[EXERCISE DIRECTIONS]
Where the material below has a line containing "Sif Jakobs Anillo", start repeating exactly, and keep going through the line containing "Raso di pura", with no other lines.

[DATA EXCERPTS]

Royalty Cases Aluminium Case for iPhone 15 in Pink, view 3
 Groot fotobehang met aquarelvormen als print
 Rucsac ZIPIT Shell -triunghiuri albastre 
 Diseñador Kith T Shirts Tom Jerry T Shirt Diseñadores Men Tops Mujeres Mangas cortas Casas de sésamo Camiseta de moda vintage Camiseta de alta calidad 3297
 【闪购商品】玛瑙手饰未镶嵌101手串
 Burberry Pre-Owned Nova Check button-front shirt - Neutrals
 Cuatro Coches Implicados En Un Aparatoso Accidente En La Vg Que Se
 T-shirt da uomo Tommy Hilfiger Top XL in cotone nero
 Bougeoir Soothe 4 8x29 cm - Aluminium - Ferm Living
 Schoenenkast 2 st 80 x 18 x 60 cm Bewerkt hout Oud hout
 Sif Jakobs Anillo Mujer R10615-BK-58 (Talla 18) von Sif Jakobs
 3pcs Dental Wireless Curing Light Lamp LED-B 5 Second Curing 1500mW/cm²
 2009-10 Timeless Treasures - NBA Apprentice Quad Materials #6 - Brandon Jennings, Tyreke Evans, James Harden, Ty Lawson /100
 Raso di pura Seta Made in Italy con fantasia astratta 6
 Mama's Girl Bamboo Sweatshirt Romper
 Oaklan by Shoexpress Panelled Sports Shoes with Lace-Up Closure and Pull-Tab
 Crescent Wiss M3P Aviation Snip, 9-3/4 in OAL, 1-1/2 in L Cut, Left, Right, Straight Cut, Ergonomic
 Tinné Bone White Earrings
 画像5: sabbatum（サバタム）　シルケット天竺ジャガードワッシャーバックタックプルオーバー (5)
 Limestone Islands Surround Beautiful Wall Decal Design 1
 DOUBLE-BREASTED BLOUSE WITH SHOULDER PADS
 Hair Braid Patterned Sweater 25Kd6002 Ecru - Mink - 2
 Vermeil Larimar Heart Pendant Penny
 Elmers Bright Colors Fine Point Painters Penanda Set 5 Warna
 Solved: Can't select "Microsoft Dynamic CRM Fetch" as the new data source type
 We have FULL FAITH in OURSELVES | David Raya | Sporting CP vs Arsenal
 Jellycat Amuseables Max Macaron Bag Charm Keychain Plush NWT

[SOLUTION TO THE PROBLEM]
 Sif Jakobs Anillo Mujer R10615-BK-58 (Talla 18) von Sif Jakobs
 3pcs Dental Wireless Curing Light Lamp LED-B 5 Second Curing 1500mW/cm²
 2009-10 Timeless Treasures - NBA Apprentice Quad Materials #6 - Brandon Jennings, Tyreke Evans, James Harden, Ty Lawson /100
 Raso di pura Seta Made in Italy con fantasia astratta 6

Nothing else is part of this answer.